### Data shown:
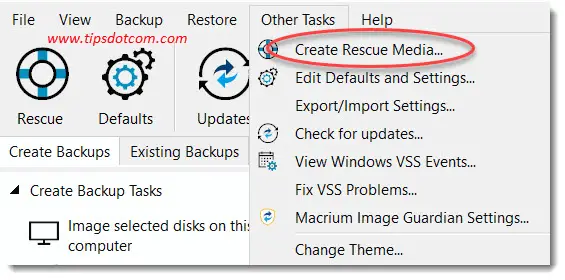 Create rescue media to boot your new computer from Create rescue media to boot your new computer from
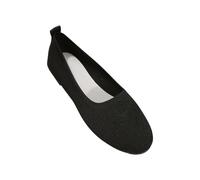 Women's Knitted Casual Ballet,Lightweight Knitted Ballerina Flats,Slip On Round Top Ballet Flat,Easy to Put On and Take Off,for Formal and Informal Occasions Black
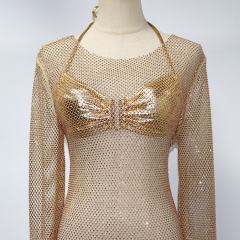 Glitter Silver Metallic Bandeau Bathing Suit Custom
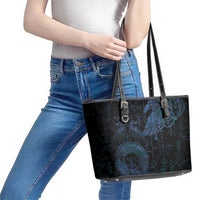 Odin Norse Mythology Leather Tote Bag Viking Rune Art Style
* * *
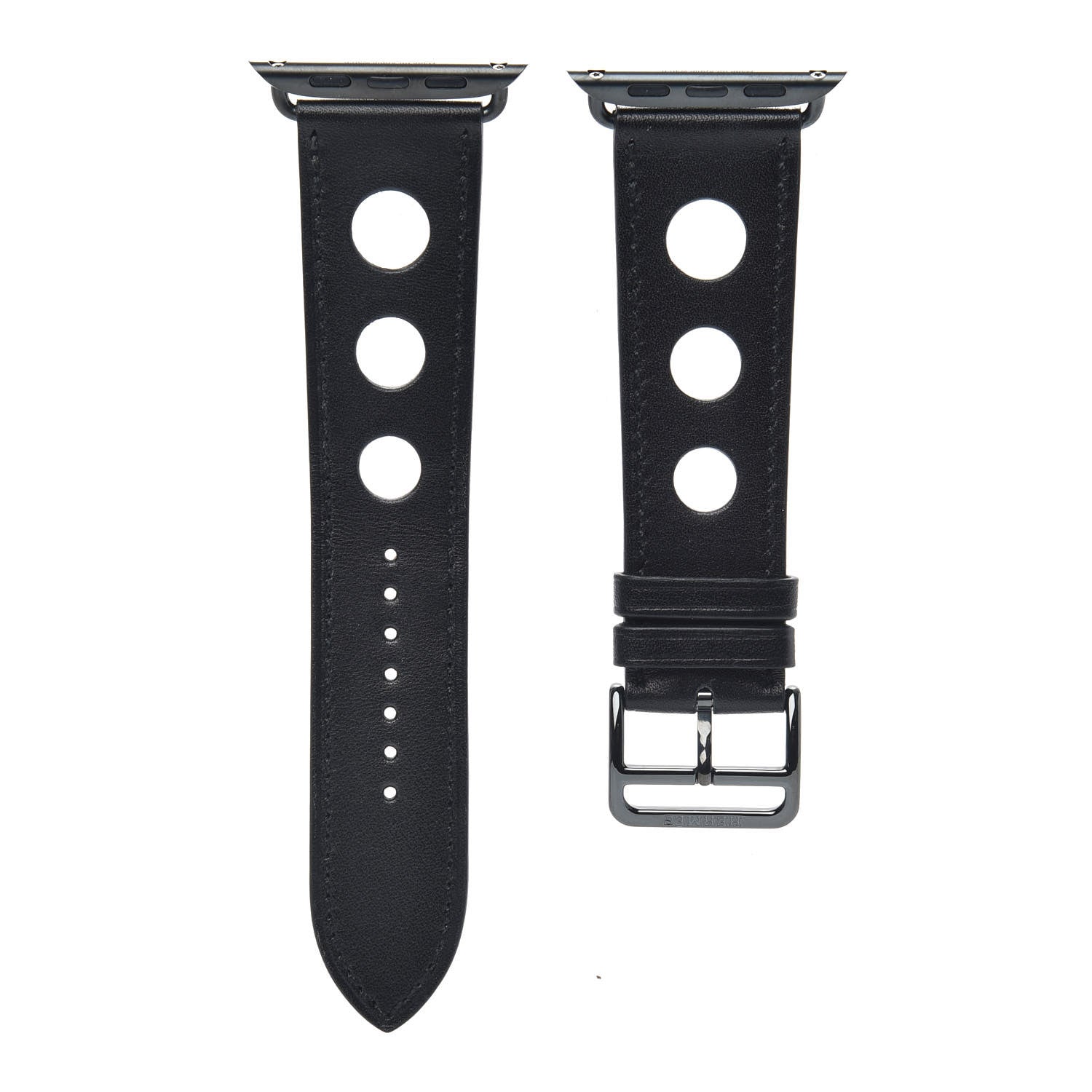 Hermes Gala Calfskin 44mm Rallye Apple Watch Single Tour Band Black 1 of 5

### Your goal:
Give back exactly the lines above from the one with "Glitter Silver Metallic" through the one with "Odin Norse Mythology", both included. Pictures don't belong in the copy.

### Reply:
 Glitter Silver Metallic Bandeau Bathing Suit Custom
 Odin Norse Mythology Leather Tote Bag Viking Rune Art Style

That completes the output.